Core Concepts

Risk Taxonomy

The accompanying paper defines a 13-risk taxonomy organized into three interaction categories: cooperative, competitive, and collective. RiskLab provides the infrastructure to study any of these risks through a unified experiment framework.

To help new users get started, 4 reference detectors are included as working examples. These demonstrate how to implement the Risk interface and can serve as templates when building your own detectors for other risks in the taxonomy.

Reference Detectors (Included)

The following detectors ship with RiskLab out of the box. Each one illustrates a different detection strategy and can be used as a starting point for your own implementations.

ID

Risk

Category

What it demonstrates

R2

Tacit Collusion

Competitive

Price convergence detection via similarity metrics and counterfactual analysis

R9

Strategic Misreporting

Cooperative

Information distortion detection — compares reported values against ground truth

R10

Normative Deadlock

Cooperative

Loop detection on group decision processes — identifies when agents get stuck in unproductive cycles

R13

Excessive Rigidity to Initial Directives

Collective

Behavioral inflexibility measurement — tracks how much an agent’s strategy changes (or fails to change) over rounds

Full 13-Risk Taxonomy

The complete taxonomy from the paper is listed below. Risks without built-in detectors can be implemented by subclassing Risk and registering via RiskRegistry (see Extending the Framework).

ID

Risk

Category

R1

Competitive Resource Overreach

Competitive

R2

Tacit Collusion

Competitive

R3

Priority Monopolisation

Competitive

R4

Centralized Prior Bias & Info Asymmetry

Competitive

R5

Steganography

Competitive

R6

Semantic Drift in Sequential Handoffs

Cooperative

R7

Redundant Effort & Role Drift

Cooperative

R8

Unchecked Assumptions

Cooperative

R9

Strategic Misreporting

Cooperative

R10

Normative Deadlock Across Agents

Cooperative

R11

Majority Sway & Conformity Cascades

Collective

R12

Authority Deference Bias

Collective

R13

Excessive Rigidity to Initial Directives

Collective

Interaction Categories

Cooperative — Agents work toward shared goals. Risks arise from semantic drift, redundant effort, unchecked assumptions, or strategic misreporting, as well as normative deadlock under incompatible norms.

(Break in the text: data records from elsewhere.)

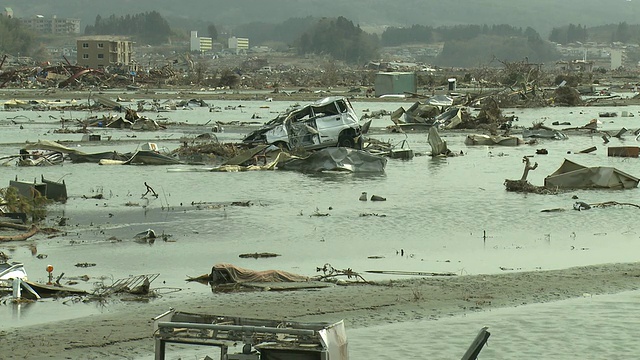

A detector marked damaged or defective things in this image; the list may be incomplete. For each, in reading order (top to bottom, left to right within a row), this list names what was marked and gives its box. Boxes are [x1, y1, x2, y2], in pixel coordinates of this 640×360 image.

crushed car [241, 95, 362, 150]
wrecked vehicle [244, 95, 364, 150]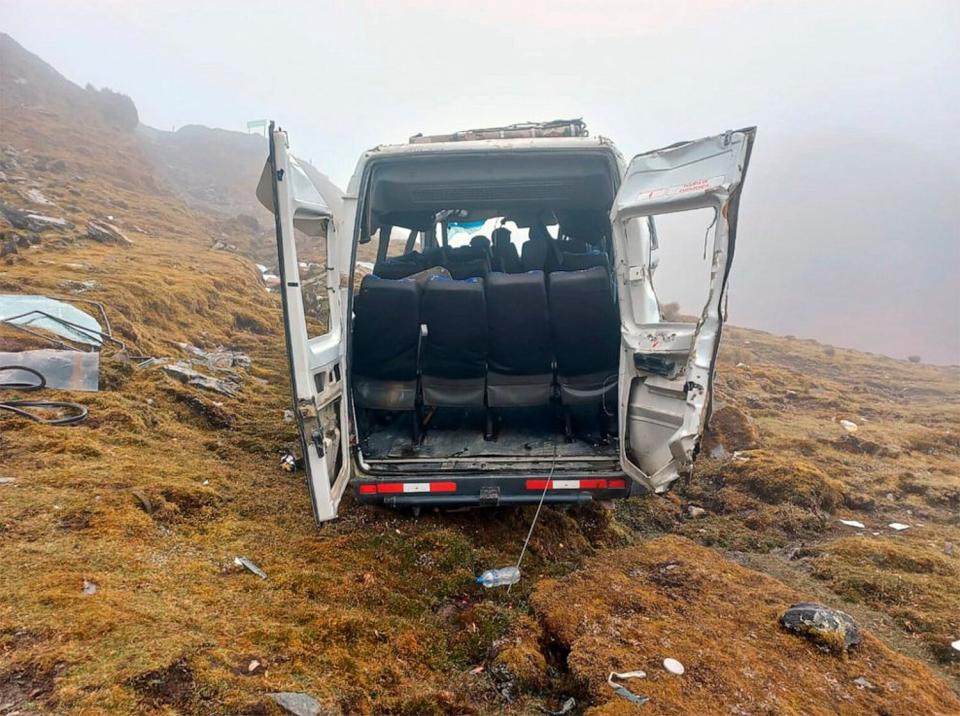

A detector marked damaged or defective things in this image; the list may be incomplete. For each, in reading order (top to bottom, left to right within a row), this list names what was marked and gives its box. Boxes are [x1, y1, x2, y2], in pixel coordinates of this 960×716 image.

wrecked white van [258, 120, 752, 524]
dented rear door [616, 127, 756, 492]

Competitive — Agents pursue individual advantage. Risks include resource overreach, collusion, priority monopolisation, information asymmetry, and steganography.

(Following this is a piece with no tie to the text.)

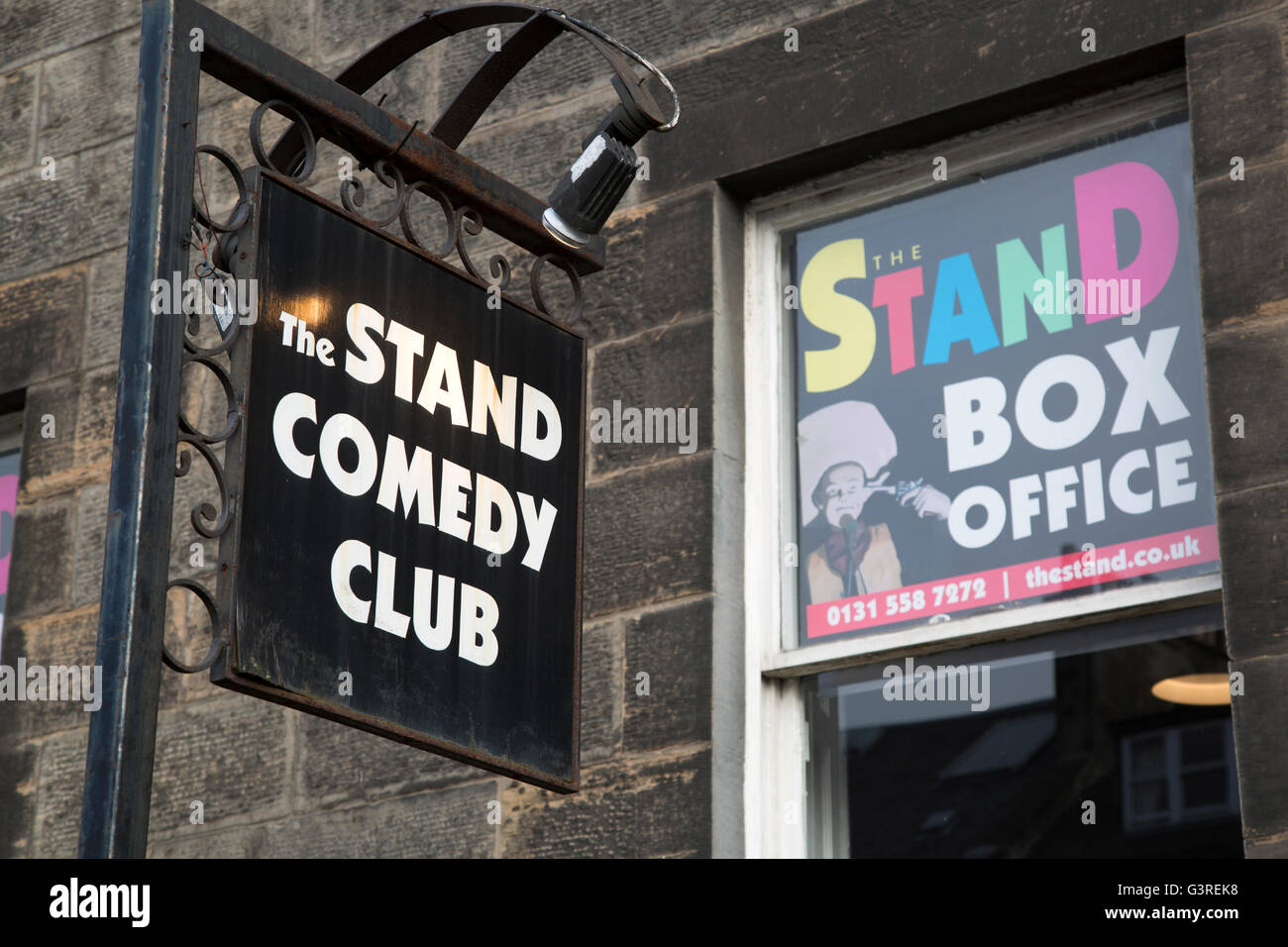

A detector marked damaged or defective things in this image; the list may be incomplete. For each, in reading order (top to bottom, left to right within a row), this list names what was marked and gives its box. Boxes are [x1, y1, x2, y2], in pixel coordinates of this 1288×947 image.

rusted metal sign frame [77, 0, 615, 860]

Collective — Agents participate in group-level processes. Risks emerge from conformity cascades, authority deference bias, and excessive rigidity.

Key Abstractions

CommunicationTopology

An adjacency-matrix representation of agent connectivity. Topologies are specified by providing agents (list of IDs) plus matrix, edges, or neither (defaults to fully connected). The directed flag controls whether edges are unidirectional.

InformationFlowConfig

Controls execution order within a round. Supports sequential stages, parallel stages (nested lists), and stop conditions (max_rounds, max_messages, convergence, node_reached, custom). Default mode is cyclic — the flow loops between entry and exit nodes until a stop condition is satisfied.

TaskConfig

Defines scenario inputs and parameters passed to the environment and agents:

# TaskConfig fields
task_id: str              # unique identifier
task_type: TaskType       # e.g., MARKET_TRADING, NEGOTIATION
description: str          # free-text description
parameters: dict          # task-specific key-value pairs
success_criteria: dict    # task success definition
constraints: dict         # task constraints
inputs: list | None       # inline per-agent input data
input_file: str | None    # or load from file

Risk Detectors

Every risk detector extends the Risk base class with two methods. This is all you need to implement to add a new risk to the taxonomy:

from risklab.risks.base import Risk

class MyRisk(Risk):
    def detect(self, trajectory) -> bool:
        """Return True if the risk is present."""
        ...

    def score(self, trajectory) -> float:
        """Return severity score in [0, 1]."""
        ...

Register your detector, and it becomes available in YAML configs:

from risklab.risks.registry import RiskRegistry

RiskRegistry.register("my_risk")(MyRisk)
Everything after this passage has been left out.